• [Problem to work on]: The result should be an exact copy of the data, free of pictures.

• [Data listing]:
▽

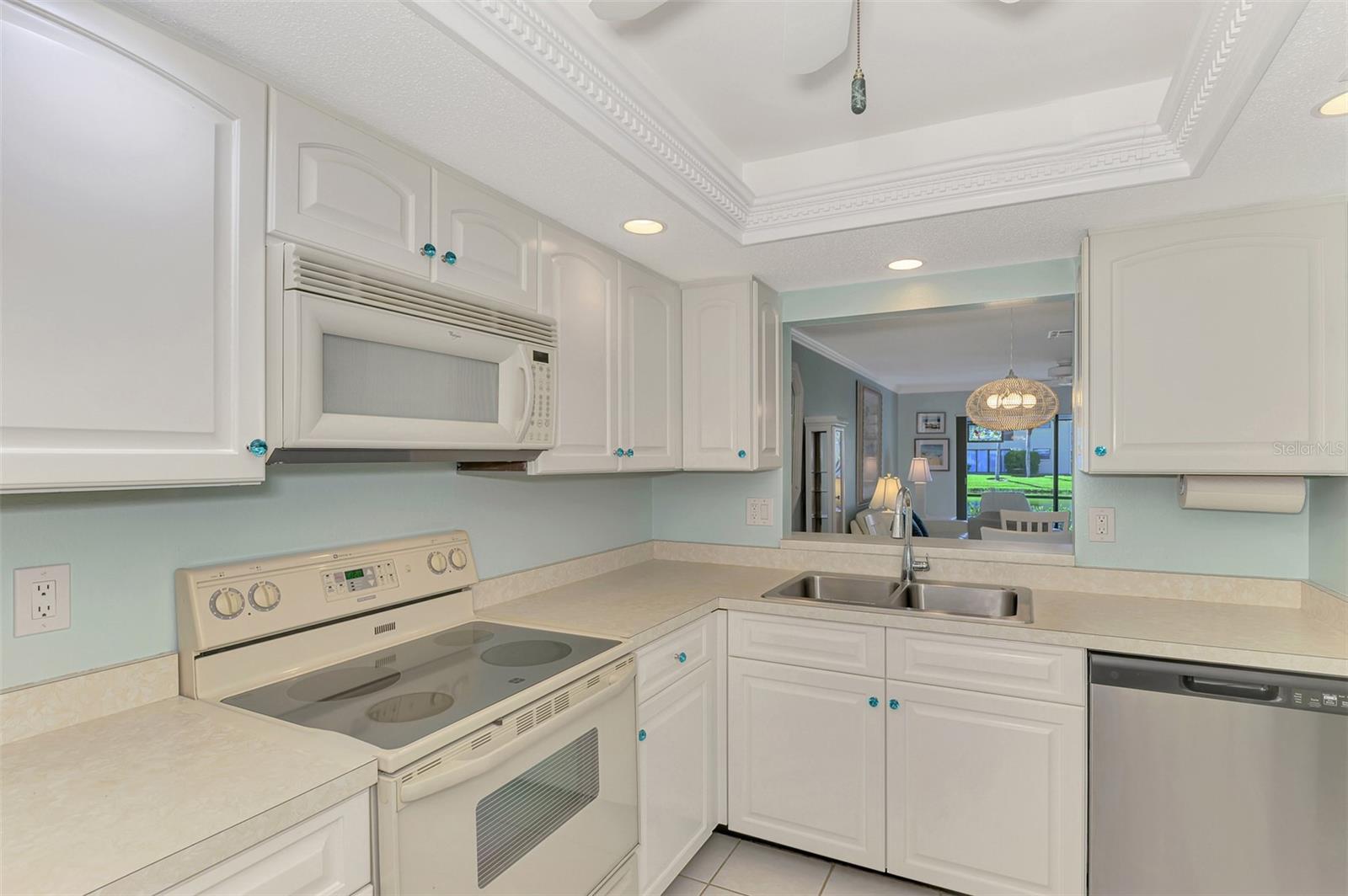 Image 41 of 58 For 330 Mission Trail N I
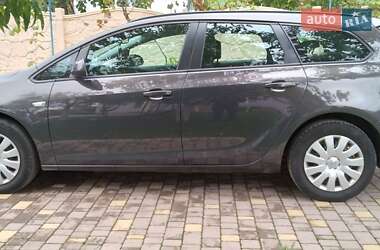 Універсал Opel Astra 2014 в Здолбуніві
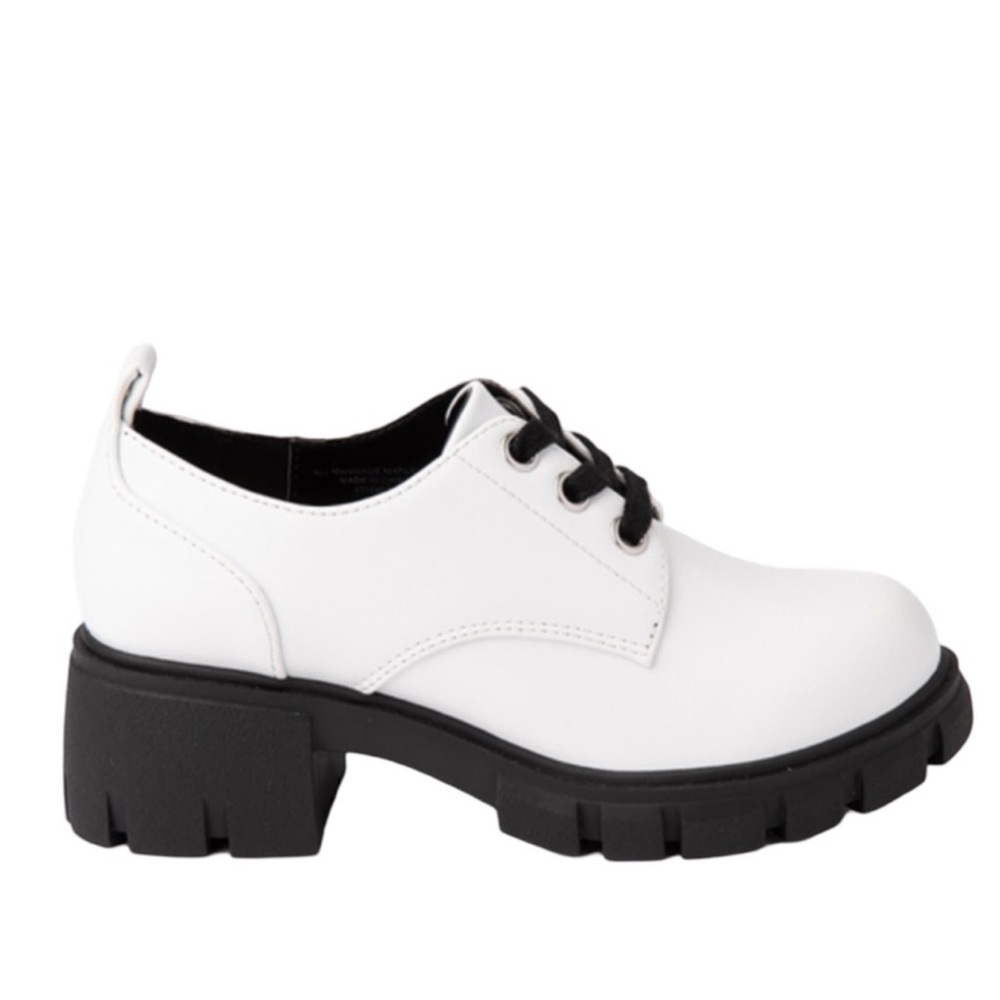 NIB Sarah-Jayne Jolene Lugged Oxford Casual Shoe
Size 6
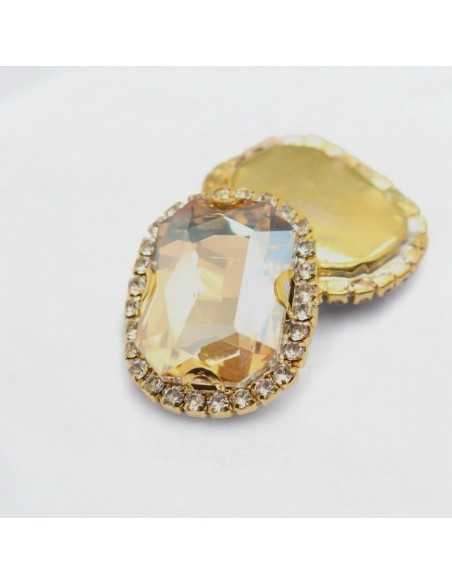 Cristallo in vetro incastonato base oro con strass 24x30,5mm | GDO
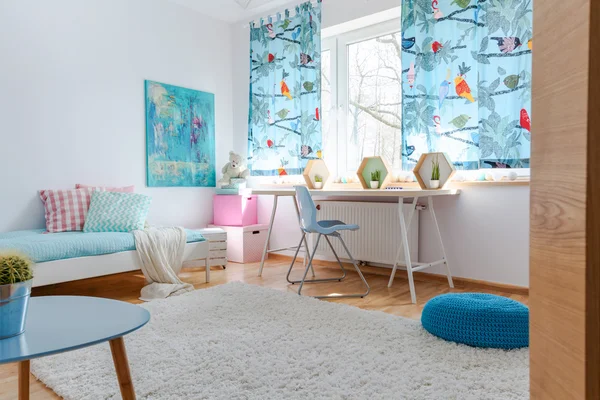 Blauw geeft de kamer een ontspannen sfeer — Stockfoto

△

• [Exercise output]:
 Image 41 of 58 For 330 Mission Trail N I
 Універсал Opel Astra 2014 в Здолбуніві
 NIB Sarah-Jayne Jolene Lugged Oxford Casual Shoe
Size 6
 Cristallo in vetro incastonato base oro con strass 24x30,5mm | GDO
 Blauw geeft de kamer een ontspannen sfeer — Stockfoto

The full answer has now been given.